Introduction

The Terra network operates a set of proof of stake validator nodes to provide security for the network. Validators are judged on their uptime and on the quality of their validation - any deviations from expectations can result in slashing and loss of funds for the validator operator. This post explores some uptime & downtime insights of the Terra validator nodes.

How often do Validators go down?

How often do validators that have been online at least once in the past 6 months turn off? It turns out, that on average, it happens pretty often - once every 1.6 hours for each validator (see table below). This simple statistic doesn't really tell the story though - there are some very reliable validators and some rather unreliable ones making up this average.

We took a dataset of all validators who collected rewards over the last 6 months, and looked for the liveness events recorded on chain. These events are collected by the protocol and used in slashing calculations for nodes that haven't met their validation requirements. These events keep a record of how many blocks a validator missed validating.

Taking these liveness events and looking at how many, on average, each validator has had over this time (adjusting for how long the validator has been running), we can calculate an average time between downtime events for each validator. Another name for this metric is Mean Time Between Failure (MTBF) - a common metric in Asset Management. We can plot the MTBF for each validator and see what the distribution looks like below.

MTBF
1 1.6

We see there is a large variation between validators, pointing towards the conclusion that there are a number of very professional outfits, and potentially some less skilled or resourced node operators on the network. There are 4 validators who operate with an MTBF of greater than 60 hours (one downtime event every 2-3 days) and there are nearly 50 who operate at less than 2 hours between each downtime event.

Change in MTBF Over Time

To see how the MTBF metric has changed over the last 6 months, we plot the MTBF (per validator) over time below. We can see there has been a marked decrease in MTBF over the 6 months, with early weeks as high as 6 hours between downtime events, trending down to less than 1 hour per event per validator. This indicates a decrease in the overall reliability of the validator nodes over this time period.

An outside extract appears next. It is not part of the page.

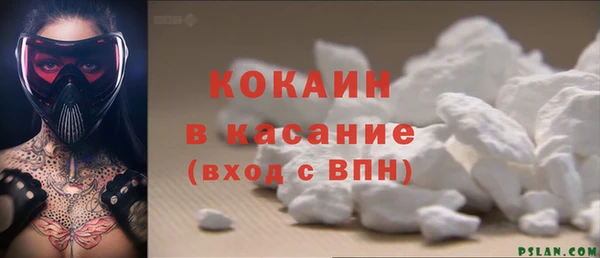 твердый Богородск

High Performing Validators

We saw earlier that there was a distinct difference between the best and worst performing validators. The graph below segments the data to just look at the top 10 best performing validators (by number of downtime events relative to their operating time) over the last 6 months. Here we also see a downward trend. Earlier, MTBF ranged in the hundreds of hours between failures. This has trended down to around 30 hours between dowtime events. Notice that this is more than an order of magnitude better than the current average of around 1 hour.

Low Performing Validators

Performing the same analysis on the worst 10 validators (by downtime events) we can see why the average is so low. The most recent week average MTBF for this group is around 8 minutes, and there is a distinct downtrend from 6 months ago when this number was as high as 1 hour. This mirrors what we have seen in the rest of the dataset - reliability is trending downwards.

Conclusions

The data above has explored the downtime events among Terra validators. We have seen that, on average over the entire validator set, validators miss blocks around once every 1.6 hours. There is a vast difference between validators however - the best 10 validators currently miss blocks every 30 hours and the worst 10 miss one every 8 minutes. Across all datasets there has been a trend of decreasing reliability compared with 6 months ago.